Por razões de ordem profissional, Frederico teve que se deslocar a Bruxelas. Uma noite, foi convidado por um belga para jantar, a fim de ultimar a preparação de uma reunião que teria lugar no dia seguinte. Jantaram num daqueles restaurantes contíguos à Grande Place onde as conversas se travam em surdina - para não perturbar as moscas que mergulham na manteiga e se poder apreciar o melodioso tilintar dos talheres de prata a roçar os copos de meio cristal.
Consultada a lista de fio a pavio, Frederico decidiu-se por um rosbife, enquanto o seu anfitrião optava por um bife com cogumelos. Depois de uma sobremesa “caseira” com sabor a instantânea e de um café sofrível,o empregado apresentou a conta em pergaminho, encerrado num cofre a fazer lembrar uma “loja de Trezentos” (bem agora são lojas do 1,5€, mas como não dá jeito nenhum, prefiro a velha designação...) e perguntou , entre salamaleques, se estavam satisfeitos com o repasto.
Embora estivesse plenamente consciente deque a única coisa que se safara fora o vinho, criteriosamente escolhido, Frederico respondeu, com um sorriso amarelo, que sim senhor, estava tudo bem. Do outro lado da mesa, porém, o seu companheiro de ocasião não esteve pelos ajustes e, calmamente, com um sorriso nos lábios e voz suficientemente audível, foi dizendo que o jantar não estava nada bem, não senhor.
Pedira o bife mal passado e fora-lhe apresentado um naco de carne assada. Além disso, o molho de cogumelos estava frio e quanto à “mousse caseira” não passava de uma miscelânea instantânea, “acaseirada” por um toque de um qualquer generoso licor. E rematou com uma ironia cortante, que deixou o empregado sem pinta de sangue: “mas não se preocupe, pois não tenciono cá voltar e vou recomendar aos meus amigos que façam o mesmo.”
Murmurando entre dentes pedidos de desculpa e prometendo que tal não voltaria a suceder, o empregado afastou-se com cara de poucos amigos. Um casal que se encontrava na mesa contígua sorriu com ar de aprovação, deixando em Frederico a impressão de que no final do jantar não teriam qualquer rebuço em tomar a mesma atitude.O nosso compatriota, pelo contrário, sentia-se indisposto e envergonhado. Não pela atitude do seu comparsa, mas pela sua. Pressentiu um rubor invadir-lhe a face, que se avolumou no momento em que o seu parceiro interrompeu o silêncio para dizer:
“ Esteja à vontade! Eu conheço bem os portugueses e sei perfeitamente que se constrangem muito em reclamar!”

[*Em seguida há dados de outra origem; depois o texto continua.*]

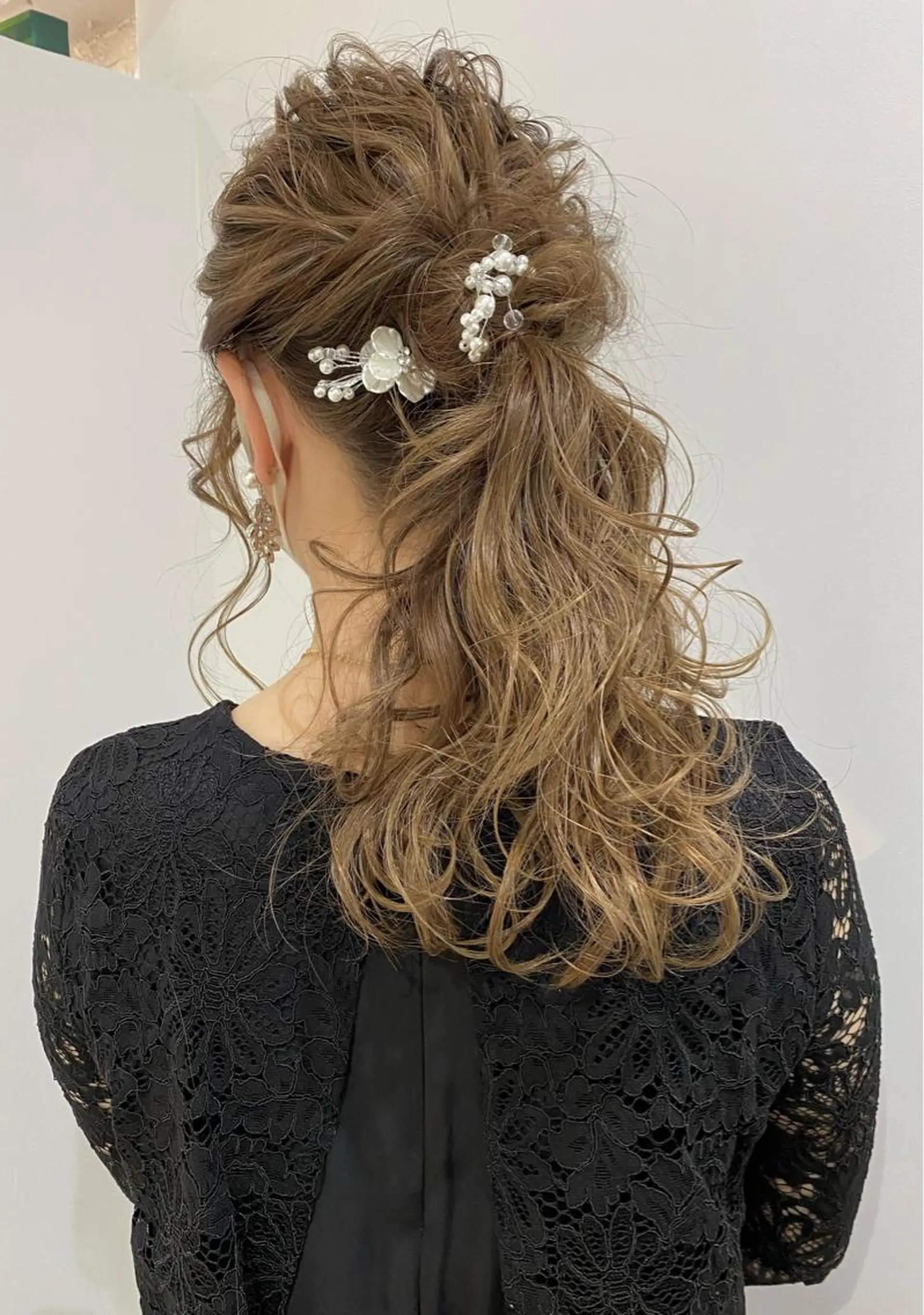 ロング ヘアアレンジ ポニーテール 結婚式・ブライダル ヘアセット 木下大地 HAIR Oneのヘアスタイル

Frederico sentiu-se pequenino, carente de um subsídio de periferia e com vontade de se enfiar pelo chão abaixo. De regresso a Portugal contou a cena a um grupo de amigos, a quem afiançou ter aprendido, naquela noite em Bruxelas, uma grande lição: é que os portugueses, talvez porque tenham da palavra reclamação um conceito de mau carácter, de mesquinhez, quiçá de mau feitio, inibem-se de reclamar, principalmente em locais que gozam do estatuto de serem de luxo.
Reclamar, de forma cordata, é um acto de bom senso e até deve ser visto como uma atitude amiga, para quem não tenha da amizade a noção de “palmadinhas nas costas”. A realidade é esta: se somos todos consumidores, também somos todos produtores , diariamente, na nossa vida profissional. Por isso, agimos. E ao agir, é óbvio que estamos sujeitos a errar. Mas se erramos e ninguém nos chama a atenção, corremos o risco de errar novamente, o que não é agradável para nós nem para as vítimas dos nossos erros. Por outro lado, quem nos fornece produtos ou serviços e se habituou a não ter que enfrentar reclamações, terá eventualmente menos pudor em nos enganar.
É por essas e por outras que me interrogo qual será a razão porque a imprensa, sempre solícita a aconselhar-nos a visita a um determinado restaurante ou hotel, não se faz eco de verdadeiros logros em que podemos cair. Basta a um restaurante ser citado como “local de culto” em duas ou três publicações de prestígio, para se alcandorar ao altar dos intocáveis. E quem disser mal, que se cuide, porque certamente será julgado como indivíduo de má índole ou mesmo mau porte, cliente indesejado, por ser capaz de pôr à vista de toda a gente os podres de determinado estabelecimento que caiu do pedestal e se recolocou na mediania do panorama gastronómico português.